Reading the first three chapters of
“Voices of Revolution” sort of brought me to a dark place. I can never
understand the ridicule of calling a respectable newspaper editor “bald head,
miserable forehead, and comical spectacles” and calling Black Americans
“thick-lipped, pig-faced, woolly-headed, baboon-looking negroes” by the
mainstream the New York Herald. This
happened in America, the land of freedom, where people are supposed to be free
and treated with equality. And people at the time thought these crazy
journalists were on the wrong side of history. It busted my bubbles of my
imaginarily ideal American society.
But on the other hand, I am glad. I am
glad that there were still people, visionaries like William Heighton, William
Llyod Garrison, Elizabeth Stanton and Susan Anthony, who saw the injustice that
was so prevailing and felt they needed to do something. Their lives probably
wouldn’t be any different if they did not choose to go down this path, perhaps they
would be better off. Stanton was having a rewarding marriage and was
financially well off, why on earth would she published this fanatic newspapers
and got herself into so much trouble.
I think that is precisely what the
society is lacking nowadays. Less and less people are being kept up at night
for what they see in their daily lives. As the book so cleverly points out: “If
asked to identify the three most impenetrable issues facing American people
today, many observers of contemporary society would still automatically list
race, gender and class.” These problems still persist, and people choose to be
oblivious about it.
Actually I noticed something really
interesting. I was talking to my friend, and his girlfriend was also there. It
suddenly strike me that how quiet she becomes when a bunch of guys are talking,
and her almost non-existing presence made me realized male is still has the
dominant role in our society and some of the issues we read in the book are not
that far away from us. The degree of extremities may vary, but fundamentally they
are the same fun therefore they need to be addressed.

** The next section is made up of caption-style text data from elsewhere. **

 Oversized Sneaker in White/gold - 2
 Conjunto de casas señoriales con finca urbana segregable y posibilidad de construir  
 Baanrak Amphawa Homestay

I don’t want to spend too much words
talking about how great these journalists are because that is the undebatable truth and they all had their shortcomings with no exception. I think a little bit of self-reflection could
be more conducive. After reading these chapters, I decided to challenge myself
to be more attentive to small little things around me. No grave crime against
humanity is being committed on Ithaca College campus, but there are still
things that people need to pay attention to. And I want to capture these small
petty things, as people may call them. Hopefully I can write about these things and that would serve a purpose.

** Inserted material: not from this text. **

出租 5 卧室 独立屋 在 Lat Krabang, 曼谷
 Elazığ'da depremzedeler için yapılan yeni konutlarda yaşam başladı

One thing I really have problem with
media nowadays, and something I want to avoid is reporting without compassion. All of the dissident
visionaries reported with compassion and they really care about social justice.

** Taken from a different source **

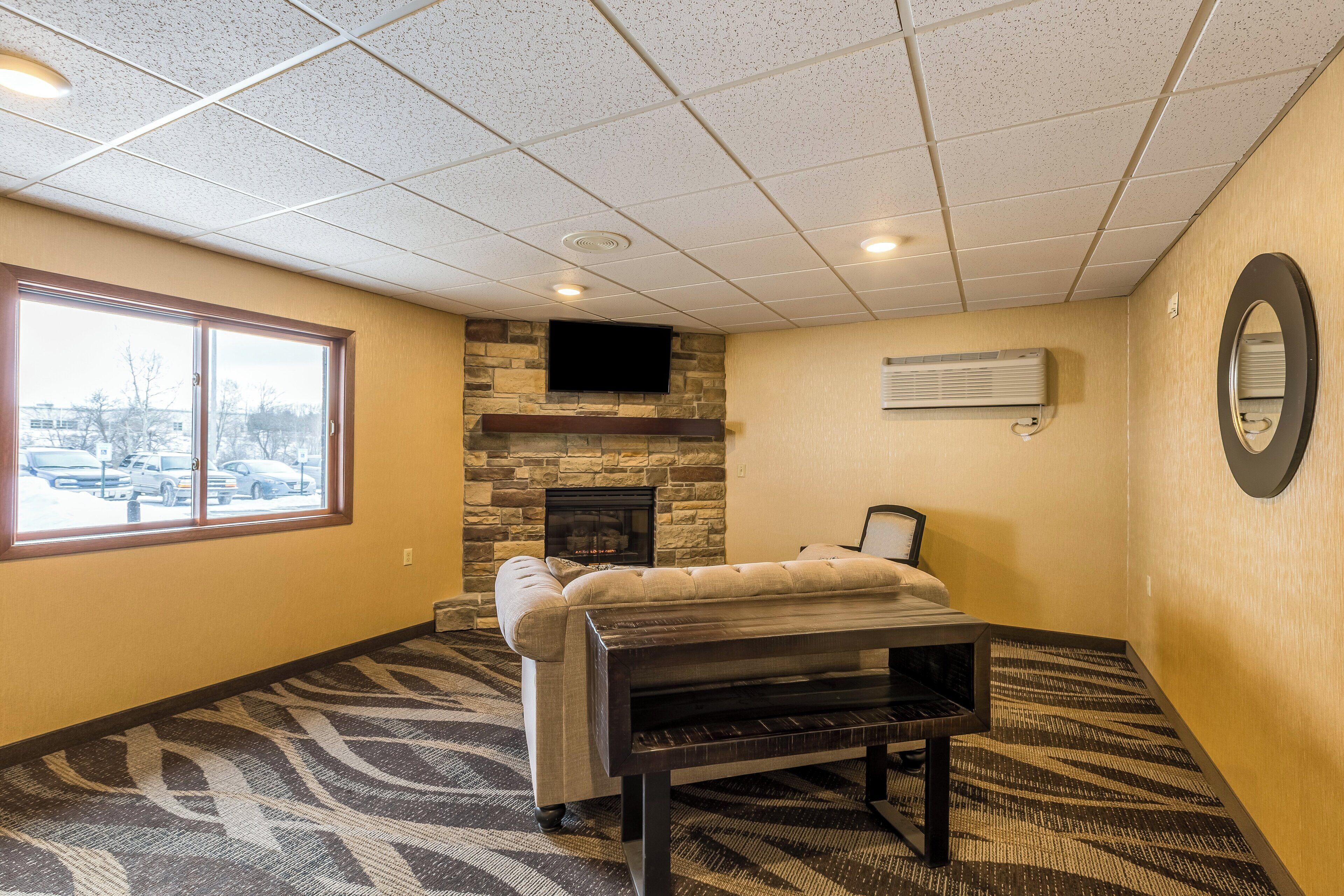 Boarders Inn And Suites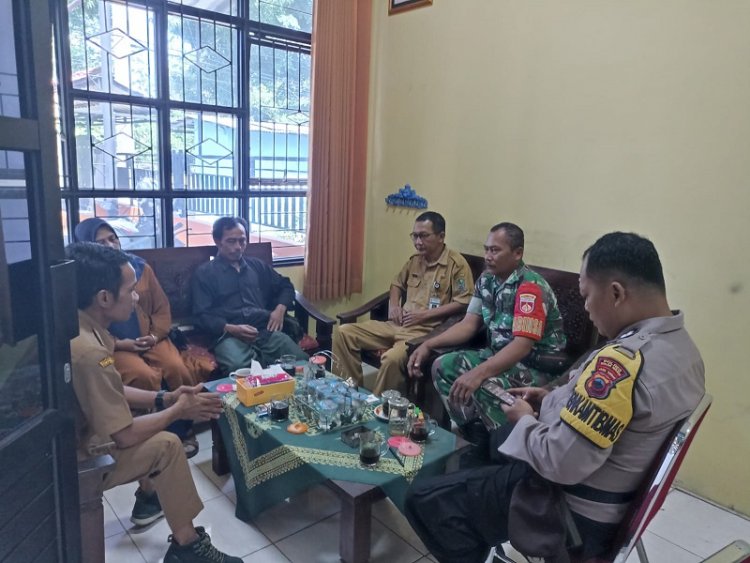 Babinsa Koramil 01 Banjarnegara Laksanakan Komsos Sebagai Sarana Penggalangan Masyarakat Serta Terpeliharanya Hubungan Baik Dengan Mitra Karib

There would be no any other explanation for the work they have done. In the
Hester Vaughan case, Stanton even went so far as to appeal to the governor to
pardon her death penalty. That is something I see that’s lacking in the media
nowadays, we talk about objectivity and neutrality everyday, but sometimes we
lose sight of the social justice and humanity aspect as the reason why media
exist. As long as one is not deliberately writing a story with the agenda with
manipulating people’s emotion and twisting the fact, it is okay to report with
compassion. But I still don’t see that as something that will happen easily in
mainstream media, but very possible in independent media.
Considering how easy disseminations of
information are, our generation really has no excuse not to write more. We
don’t have to have a huge subscriptions base to keep our writing going (at
least for now,) all we need to do is to write, and hopefully someone will read
it and be informed.
These readings, as the semester
progresses, are constantly challenging my stereotype and traditional
understanding of the media. These readings have also help me forming a clearer
and clearer picture of what a true media person should do. Sometimes I think
this course is what helps us shape our own journalism ethics.